当终端处于空闲态或者非活动态时,若存在小区优先级高于当前服务小区的相邻小区时, 无条件启动测量。小区优先级信息可以从当前服务小区下发的系统消息SIB中获取。举例来说,小区优先级信息可以由SIB消息中携带的cellReselectionPriority表示,取值范围为0-7的整数,该参数值越大说明小区优先级越高。小区优先级可以由小区负载、功耗等确定。可能的,不同厂商可以采用不同算法确定小区优先级,本申请不做限制。
当终端处于空闲态,且邻小区的小区优先级等于或低于当前服务小区时,若当前服务小区满足小区测量启动门限时,进行小区测量。举例来说,针对同频小区,当前服务小区的S值小于或等于同频测量门限(S_IntraSearch)时,终端根据极化优先级信息进行小区测量;针对异频或异系统小区,当前服务小区的S值小于或等于异频测量门限(S_nonIntraSearch)时,终端根据极化优先级信息进行小区测量。
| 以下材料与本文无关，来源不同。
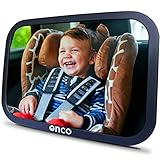 Onco 360° Baby Autospiegel - 100% Bruchsicher & Rutschfest, 2024 & 2023 Preisgekrönt, Klare &...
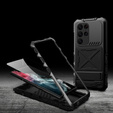 Husă blindată pentru Samsung Galaxy S23 Ultra, R-JUST, negru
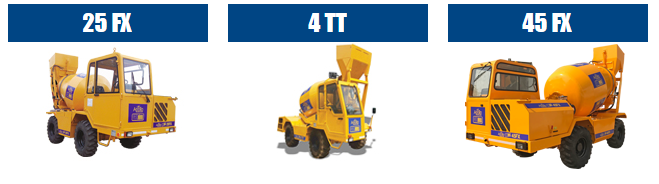self-loading mixer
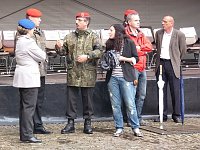 Bild: Platzkonzert im Schlosshof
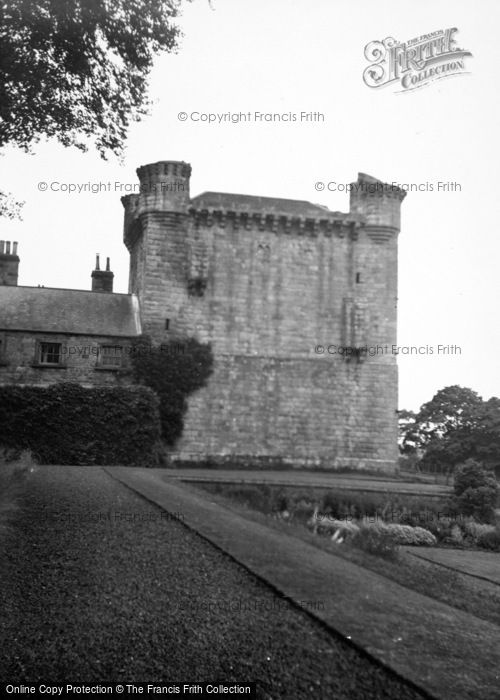 Photo of Wark, Chipchase Castle 1951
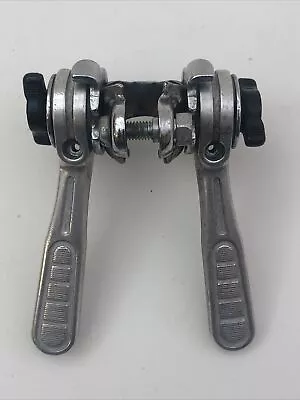 Vintage Shimano Stem Shifter Lever Silver Bike  A07 • $13.99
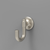 Piper Collection Hook 1-1/8'' cc Satin Nickel Finish H077859SN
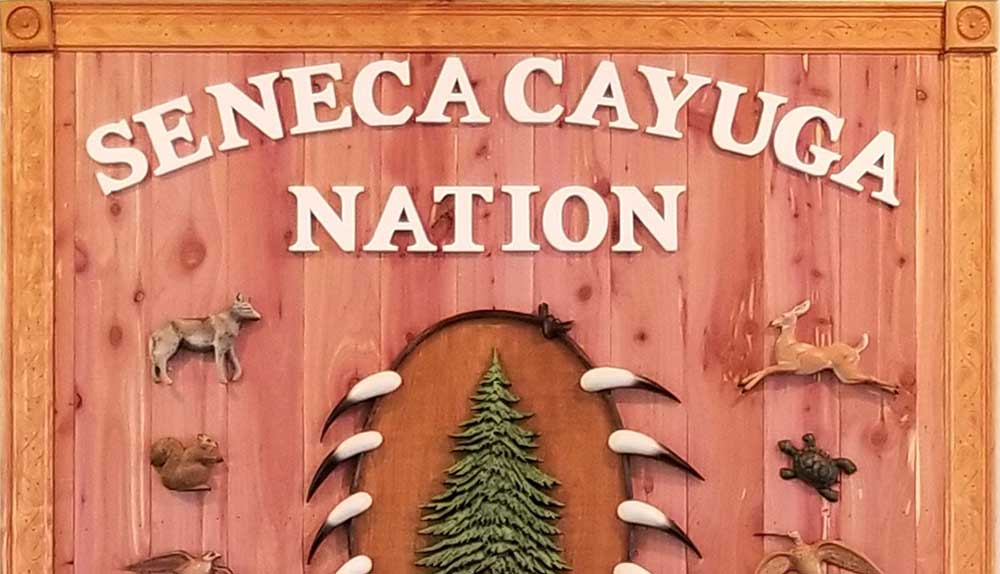 The Seneca Cayuga Nation Seal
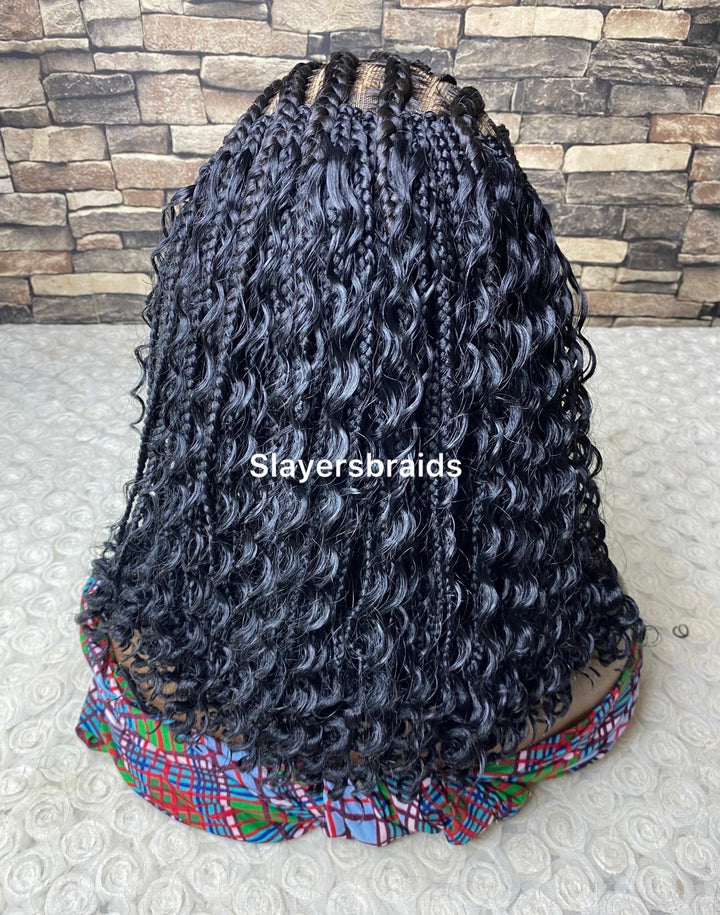 Braided Lace Wig – Easy Install, Long Lasting -Ivy Unit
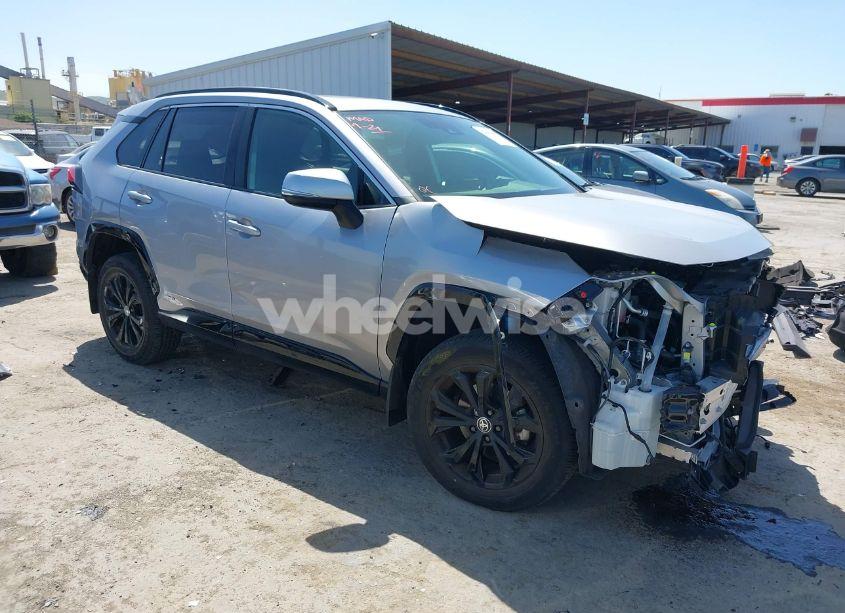 2022 Toyota Rav4 HYBRID SE (VIN JTM16RFV7ND062263) main photo
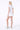 VIENNA HIGH-ZIP CORSET DRESS - WHITE - Spinwave Pickleball Inc.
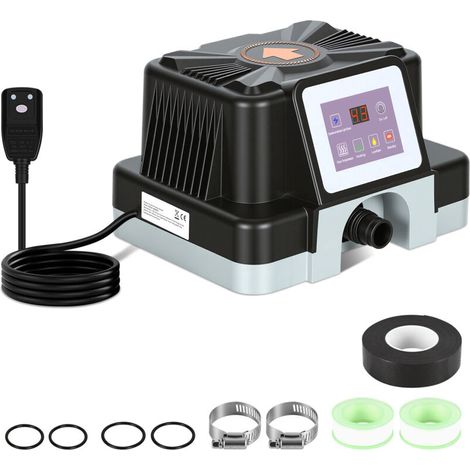 Chauffage de piscine Échangeur thermique 3KW Échangeur thermique de piscine Chauffage de piscine Chauffage de piscine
具体地,邻区为同优先级同频小区,当前服务小区的Srxlev=<SIntraSearchP且Squal=<SIntraSearchQ时,终端根据极化优先级信息进行小区测量;邻区为同优先级异频/异系统小区或者低优先级异频/异系统小区,当前服务小区的Srxlev=<SnonIntraSearchP且Squal=<SnonIntraSearchQ时,终端根据极化优先级信息进行小区测量。
一种可能的实现中,针对同频小区,当前服务小区的S值小于同频测量门限(S_IntraSearch)时,终端根据极化优先级信息进行小区测量,而当前服务小区的S值等于S_IntraSearch时,终端根据不进行小区测量;针对异频或异系统小区,当前服务小区的S值小于异频测量门限(S_nonIntraSearch)时,终端根据极化优先级信息进行小区测量,而当前服务小区的S值等于S_nonIntraSearch时不进行小区测量。
需要说明的是本申请实施例中涉及的所有边界情况(例如,S值等于测量门限的情况)均可以采用以上方式处理。例如,当S值处于边界情况时可能进行小区测量,也有可能不进行小区测量。S值的计算方式请参见前文,此处不再赘述。
S303、根据测量结果确定驻留小区。
网络设备发送的第一消息中还携带小区测量参数集合。可能的,该小区测量参数集合包含R准则计算参数,高优先级小区S值预设门限,低优先级小区S值预设门限等参数。其中R准则计算参数包含:当前服务小区重选迟滞值Q Hyst,偏差值Q offset,临时偏差值Q offsettemp等;高优先级小区S值预设门限包含:Thresh X,HighQ和/或Thresh X,HighP;低优先级小区S值预设门限包含:Thresh X,LowQ和/或ThreshX,LowP。
终端根据小区测量结果以及小区测量参数集合确定驻留小区。
一种可能的实现中,终端获取一个或多个小区的小区测量参数集合,并根据一个或多个小区的小区测量结果以及小区测量参数集合确定驻留小区。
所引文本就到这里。